Deceased was found dead in his place of business with a wound in his head indicating that he had been struck with some blunt instrument. A bull chisel lay near his body. There was blood and hair on it. The circumstances indicate that he was killed on Sunday morning about nine or ten o’clock. Appellant was seen around deceased’s place of business near this time. The deceased when found had his pockets turned wrong side out and a broken watch chain clung to his clothing. Officers learned that appellant was in possession of a watch on the day of the killing, They questioned him and he. admitted that he had taken a watch off the deceased after he was killed and told the officers that he had let a boy at the sawmill have the watch. The officers went with appellant to the sawmill, the boy was pointed out to them by appellant and on this boy they found a watch with a broken chain, which was identified as the watch of deceased. This is the State’s case and it is insisted that the evidence is insufficient. We are not able to agree with this contention. /

Motion was made to transfer appellant’s case to the juvenile court and on a hearing before the court on this motion, evidence was offered from a dentist who had examined appellant’s teeth that he would judge him to be nineteen or twenty years old. He testified : “I determine this boy’s age by the third molar tooth. A third molar tooth is cut anywhere from 16 to 35 years.” Appellant objected to this testimony because it was not the proper way to prove the age of the defendant “as recognized by law, for * * * the age of any person can only be proved by family history, or by some person knowing the event at the time at which a person is born, or by some declaration of some deceased relative who was familiar with the family history of defendant.” These were the sole objections. The witness’ qualification is not questioned in the bill. Assuming, therefore, as we must, that the witness was qualified to testify and that he testified about a matter of science, the correctness of which is apparently conceded, we have no difficulty in reaching the conclusion that the testimony was admissible. It has been said:

“Expert testimony is admissible concerning questions involving a knowledge of science, or of the arts; or of technical qualifications, or of professional skill * * * such as the race to which a person belongs, the age of children,” etc. Underhill’s Crim. Evd. (3rd Ed.), Paragraph 192.
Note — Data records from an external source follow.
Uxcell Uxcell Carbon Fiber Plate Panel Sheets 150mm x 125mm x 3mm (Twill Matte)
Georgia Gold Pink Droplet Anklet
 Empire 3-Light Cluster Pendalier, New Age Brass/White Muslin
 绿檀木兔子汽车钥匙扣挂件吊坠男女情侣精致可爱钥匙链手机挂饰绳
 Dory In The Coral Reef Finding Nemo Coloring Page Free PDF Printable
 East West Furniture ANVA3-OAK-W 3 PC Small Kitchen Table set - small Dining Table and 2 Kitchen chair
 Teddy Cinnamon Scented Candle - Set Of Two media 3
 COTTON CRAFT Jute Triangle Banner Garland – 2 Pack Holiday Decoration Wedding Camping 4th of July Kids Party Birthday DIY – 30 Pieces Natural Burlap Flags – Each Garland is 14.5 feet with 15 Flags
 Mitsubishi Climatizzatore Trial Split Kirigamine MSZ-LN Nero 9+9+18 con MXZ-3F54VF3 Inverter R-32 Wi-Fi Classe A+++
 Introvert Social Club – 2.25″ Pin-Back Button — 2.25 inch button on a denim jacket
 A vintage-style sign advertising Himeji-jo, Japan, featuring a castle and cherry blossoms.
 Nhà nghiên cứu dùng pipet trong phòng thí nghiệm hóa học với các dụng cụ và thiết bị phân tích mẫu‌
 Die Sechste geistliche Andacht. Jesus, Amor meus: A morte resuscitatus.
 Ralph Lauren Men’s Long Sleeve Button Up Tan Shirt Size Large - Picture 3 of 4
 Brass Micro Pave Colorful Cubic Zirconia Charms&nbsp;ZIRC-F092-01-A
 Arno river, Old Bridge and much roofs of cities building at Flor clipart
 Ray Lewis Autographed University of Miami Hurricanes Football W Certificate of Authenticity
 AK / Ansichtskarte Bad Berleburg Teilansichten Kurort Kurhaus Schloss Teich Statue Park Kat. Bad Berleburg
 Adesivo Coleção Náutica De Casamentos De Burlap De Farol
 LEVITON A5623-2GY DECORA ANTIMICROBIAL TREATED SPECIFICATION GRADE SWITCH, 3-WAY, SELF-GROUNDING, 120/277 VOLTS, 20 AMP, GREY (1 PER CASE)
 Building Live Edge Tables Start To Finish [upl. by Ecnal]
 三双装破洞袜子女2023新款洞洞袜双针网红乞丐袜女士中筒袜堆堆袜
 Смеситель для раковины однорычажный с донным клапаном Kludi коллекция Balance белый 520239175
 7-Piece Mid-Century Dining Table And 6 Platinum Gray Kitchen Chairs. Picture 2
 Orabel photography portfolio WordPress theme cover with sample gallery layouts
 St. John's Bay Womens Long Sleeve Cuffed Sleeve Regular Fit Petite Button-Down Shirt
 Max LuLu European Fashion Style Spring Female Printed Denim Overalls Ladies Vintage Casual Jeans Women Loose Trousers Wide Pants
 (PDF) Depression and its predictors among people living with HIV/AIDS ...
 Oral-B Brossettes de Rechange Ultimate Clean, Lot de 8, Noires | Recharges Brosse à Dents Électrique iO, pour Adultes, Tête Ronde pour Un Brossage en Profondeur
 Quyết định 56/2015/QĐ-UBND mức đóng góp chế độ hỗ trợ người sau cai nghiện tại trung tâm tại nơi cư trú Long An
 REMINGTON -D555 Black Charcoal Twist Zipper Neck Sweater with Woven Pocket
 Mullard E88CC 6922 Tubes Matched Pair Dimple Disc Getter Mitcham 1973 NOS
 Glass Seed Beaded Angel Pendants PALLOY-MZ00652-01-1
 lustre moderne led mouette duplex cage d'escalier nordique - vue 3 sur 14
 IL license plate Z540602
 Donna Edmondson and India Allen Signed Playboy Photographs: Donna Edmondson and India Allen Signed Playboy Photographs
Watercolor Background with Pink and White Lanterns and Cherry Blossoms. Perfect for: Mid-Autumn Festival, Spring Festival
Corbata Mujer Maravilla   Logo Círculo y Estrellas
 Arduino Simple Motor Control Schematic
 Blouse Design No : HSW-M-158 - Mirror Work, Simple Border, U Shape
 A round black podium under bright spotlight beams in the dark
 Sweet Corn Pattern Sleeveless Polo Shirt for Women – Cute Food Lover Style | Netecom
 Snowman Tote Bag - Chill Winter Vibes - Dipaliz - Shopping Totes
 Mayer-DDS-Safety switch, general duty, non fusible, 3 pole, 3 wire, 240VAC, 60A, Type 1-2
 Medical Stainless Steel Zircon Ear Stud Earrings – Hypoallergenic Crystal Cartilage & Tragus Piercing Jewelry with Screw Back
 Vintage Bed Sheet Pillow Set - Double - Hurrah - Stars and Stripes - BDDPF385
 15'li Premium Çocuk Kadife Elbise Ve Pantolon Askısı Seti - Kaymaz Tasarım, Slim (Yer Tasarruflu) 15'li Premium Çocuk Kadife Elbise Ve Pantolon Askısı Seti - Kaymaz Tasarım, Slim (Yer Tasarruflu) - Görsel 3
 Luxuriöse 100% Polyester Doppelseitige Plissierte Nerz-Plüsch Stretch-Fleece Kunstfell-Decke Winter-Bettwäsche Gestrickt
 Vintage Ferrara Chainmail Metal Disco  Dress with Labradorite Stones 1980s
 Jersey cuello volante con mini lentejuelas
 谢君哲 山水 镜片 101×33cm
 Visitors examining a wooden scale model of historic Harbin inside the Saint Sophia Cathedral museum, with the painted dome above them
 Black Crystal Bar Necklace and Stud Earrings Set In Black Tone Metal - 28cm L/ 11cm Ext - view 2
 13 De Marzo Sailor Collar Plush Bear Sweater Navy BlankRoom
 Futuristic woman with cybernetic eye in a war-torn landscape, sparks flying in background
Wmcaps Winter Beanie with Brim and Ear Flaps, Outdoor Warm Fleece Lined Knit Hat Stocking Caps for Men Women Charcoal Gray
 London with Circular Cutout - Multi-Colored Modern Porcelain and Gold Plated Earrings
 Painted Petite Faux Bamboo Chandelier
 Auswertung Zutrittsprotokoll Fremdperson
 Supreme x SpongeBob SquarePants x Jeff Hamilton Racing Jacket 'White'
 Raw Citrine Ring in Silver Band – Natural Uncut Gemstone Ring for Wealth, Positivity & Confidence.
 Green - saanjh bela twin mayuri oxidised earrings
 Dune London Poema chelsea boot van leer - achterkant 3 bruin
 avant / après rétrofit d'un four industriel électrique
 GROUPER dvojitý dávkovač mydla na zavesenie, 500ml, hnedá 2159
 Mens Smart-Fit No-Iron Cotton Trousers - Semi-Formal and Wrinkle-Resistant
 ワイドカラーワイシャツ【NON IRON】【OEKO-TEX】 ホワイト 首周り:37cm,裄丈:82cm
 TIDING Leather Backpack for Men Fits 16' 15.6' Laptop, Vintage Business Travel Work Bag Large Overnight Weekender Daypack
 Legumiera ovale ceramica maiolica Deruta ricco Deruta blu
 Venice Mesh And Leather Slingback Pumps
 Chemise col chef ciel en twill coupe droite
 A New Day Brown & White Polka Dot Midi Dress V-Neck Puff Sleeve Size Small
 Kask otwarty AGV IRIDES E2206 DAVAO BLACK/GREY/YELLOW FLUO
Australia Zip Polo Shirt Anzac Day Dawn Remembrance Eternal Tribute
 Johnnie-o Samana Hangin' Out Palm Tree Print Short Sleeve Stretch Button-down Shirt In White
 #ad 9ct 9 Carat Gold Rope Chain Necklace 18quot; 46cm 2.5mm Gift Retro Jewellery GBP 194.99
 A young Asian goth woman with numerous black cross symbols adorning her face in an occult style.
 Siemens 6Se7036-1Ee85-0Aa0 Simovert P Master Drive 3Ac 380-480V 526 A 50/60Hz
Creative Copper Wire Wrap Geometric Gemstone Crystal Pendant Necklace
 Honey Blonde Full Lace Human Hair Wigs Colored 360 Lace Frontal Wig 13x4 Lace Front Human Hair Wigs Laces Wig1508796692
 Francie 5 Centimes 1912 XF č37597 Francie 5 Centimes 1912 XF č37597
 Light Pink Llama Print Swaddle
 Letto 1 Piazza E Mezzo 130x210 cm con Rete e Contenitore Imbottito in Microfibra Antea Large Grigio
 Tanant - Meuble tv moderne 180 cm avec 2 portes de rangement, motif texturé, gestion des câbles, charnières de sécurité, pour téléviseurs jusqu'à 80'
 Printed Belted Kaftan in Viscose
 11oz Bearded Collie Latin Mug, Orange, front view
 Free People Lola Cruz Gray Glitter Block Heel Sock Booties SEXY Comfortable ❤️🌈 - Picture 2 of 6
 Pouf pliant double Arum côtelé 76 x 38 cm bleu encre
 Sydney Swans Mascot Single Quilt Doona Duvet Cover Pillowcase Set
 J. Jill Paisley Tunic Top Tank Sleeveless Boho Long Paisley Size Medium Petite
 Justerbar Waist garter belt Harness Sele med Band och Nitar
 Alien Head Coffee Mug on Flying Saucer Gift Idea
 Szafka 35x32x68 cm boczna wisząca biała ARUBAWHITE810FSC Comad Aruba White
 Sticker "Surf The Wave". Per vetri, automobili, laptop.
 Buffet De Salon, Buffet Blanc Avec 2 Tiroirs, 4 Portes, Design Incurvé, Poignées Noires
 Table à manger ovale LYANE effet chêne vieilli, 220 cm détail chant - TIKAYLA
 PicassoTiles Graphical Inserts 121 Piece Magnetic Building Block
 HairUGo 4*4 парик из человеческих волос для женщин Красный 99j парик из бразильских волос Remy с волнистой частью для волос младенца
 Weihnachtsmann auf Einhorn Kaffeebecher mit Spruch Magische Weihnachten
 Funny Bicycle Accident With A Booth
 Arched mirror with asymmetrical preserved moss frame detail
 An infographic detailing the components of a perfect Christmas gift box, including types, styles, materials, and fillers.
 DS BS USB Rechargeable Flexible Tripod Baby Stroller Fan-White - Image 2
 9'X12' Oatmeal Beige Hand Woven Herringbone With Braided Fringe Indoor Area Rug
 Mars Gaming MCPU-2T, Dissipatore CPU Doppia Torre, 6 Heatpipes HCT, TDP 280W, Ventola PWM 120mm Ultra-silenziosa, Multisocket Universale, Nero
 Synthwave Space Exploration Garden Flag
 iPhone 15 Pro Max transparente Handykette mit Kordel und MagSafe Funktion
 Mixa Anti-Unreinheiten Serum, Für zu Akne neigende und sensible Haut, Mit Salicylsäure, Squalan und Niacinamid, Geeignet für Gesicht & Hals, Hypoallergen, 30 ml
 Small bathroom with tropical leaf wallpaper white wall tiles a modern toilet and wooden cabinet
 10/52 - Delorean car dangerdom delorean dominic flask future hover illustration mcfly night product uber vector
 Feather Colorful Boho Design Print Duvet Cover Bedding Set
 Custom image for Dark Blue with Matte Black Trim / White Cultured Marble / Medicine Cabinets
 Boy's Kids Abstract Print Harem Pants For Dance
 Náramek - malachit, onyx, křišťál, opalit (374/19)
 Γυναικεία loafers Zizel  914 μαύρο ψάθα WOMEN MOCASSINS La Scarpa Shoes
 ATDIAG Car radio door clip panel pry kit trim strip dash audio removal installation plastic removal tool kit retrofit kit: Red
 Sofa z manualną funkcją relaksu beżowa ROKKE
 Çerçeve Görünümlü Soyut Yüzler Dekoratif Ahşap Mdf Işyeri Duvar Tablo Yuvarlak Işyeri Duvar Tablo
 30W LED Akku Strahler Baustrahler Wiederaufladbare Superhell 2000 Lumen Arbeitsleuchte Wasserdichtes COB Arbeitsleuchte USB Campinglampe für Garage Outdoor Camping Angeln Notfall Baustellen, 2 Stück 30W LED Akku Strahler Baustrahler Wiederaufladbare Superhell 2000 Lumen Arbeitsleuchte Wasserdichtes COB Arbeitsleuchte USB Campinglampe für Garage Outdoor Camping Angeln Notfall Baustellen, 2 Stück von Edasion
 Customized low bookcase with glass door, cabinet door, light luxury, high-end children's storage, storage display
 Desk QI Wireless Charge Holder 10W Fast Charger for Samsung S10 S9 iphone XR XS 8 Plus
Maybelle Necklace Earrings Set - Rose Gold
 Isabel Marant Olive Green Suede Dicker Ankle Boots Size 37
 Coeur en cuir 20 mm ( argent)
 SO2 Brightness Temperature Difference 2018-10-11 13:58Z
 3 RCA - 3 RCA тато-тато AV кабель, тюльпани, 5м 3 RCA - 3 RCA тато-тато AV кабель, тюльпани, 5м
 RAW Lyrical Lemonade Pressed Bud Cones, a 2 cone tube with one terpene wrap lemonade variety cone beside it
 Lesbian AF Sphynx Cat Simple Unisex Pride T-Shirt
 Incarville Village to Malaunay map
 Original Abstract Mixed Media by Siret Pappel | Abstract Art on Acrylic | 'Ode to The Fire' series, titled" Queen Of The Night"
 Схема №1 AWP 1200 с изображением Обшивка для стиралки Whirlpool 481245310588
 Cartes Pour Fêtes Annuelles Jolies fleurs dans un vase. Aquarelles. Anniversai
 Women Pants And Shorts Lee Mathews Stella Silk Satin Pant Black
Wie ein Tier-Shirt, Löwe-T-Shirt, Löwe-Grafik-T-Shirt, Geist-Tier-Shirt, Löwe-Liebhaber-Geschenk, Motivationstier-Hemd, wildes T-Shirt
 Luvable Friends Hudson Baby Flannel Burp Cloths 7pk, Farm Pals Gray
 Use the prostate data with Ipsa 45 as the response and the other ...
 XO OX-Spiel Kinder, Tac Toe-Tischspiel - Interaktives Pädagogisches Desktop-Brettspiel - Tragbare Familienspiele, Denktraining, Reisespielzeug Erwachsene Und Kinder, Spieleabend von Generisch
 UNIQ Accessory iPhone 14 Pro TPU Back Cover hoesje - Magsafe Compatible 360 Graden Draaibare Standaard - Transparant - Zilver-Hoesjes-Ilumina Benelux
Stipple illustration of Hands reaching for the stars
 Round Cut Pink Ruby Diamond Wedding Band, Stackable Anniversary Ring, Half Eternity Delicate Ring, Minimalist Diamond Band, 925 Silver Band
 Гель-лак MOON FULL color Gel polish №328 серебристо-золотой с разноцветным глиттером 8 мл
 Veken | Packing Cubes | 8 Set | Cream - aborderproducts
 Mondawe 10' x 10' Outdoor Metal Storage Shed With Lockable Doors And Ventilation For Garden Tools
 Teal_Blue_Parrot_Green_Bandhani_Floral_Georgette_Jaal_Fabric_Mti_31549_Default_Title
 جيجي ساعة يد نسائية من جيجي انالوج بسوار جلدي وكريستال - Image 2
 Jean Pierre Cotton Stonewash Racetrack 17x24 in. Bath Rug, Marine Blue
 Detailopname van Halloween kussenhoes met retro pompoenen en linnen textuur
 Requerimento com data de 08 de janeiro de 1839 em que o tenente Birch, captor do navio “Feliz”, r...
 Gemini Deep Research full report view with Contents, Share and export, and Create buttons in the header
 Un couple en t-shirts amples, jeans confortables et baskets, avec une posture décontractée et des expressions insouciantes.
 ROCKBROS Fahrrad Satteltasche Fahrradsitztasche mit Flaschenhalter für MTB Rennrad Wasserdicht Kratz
Nor can we agree with appellant that proof of age may be made only in the manner pointed out by him in his objection. We take the following from the syllabi of Bice v. State, 37 Tex. Crim. Rep. 38:

“The testimony of a physician, who was well acquainted with the prosecutrix, was competent and admissible to the effect, that at the time of the alleged carnal intercourse, judging from the physical appearance, size and development of the prosecutrix, she was a young woman of about the age of seventeen or eighteen years.”

For other cases see Donley v. State, 44 Tex. Crim. Rep. 428; Walker v. State, 25 Tex. Crim. App. 448; Wooldridge v. State, 86 Tex. Crim. Rep. 348.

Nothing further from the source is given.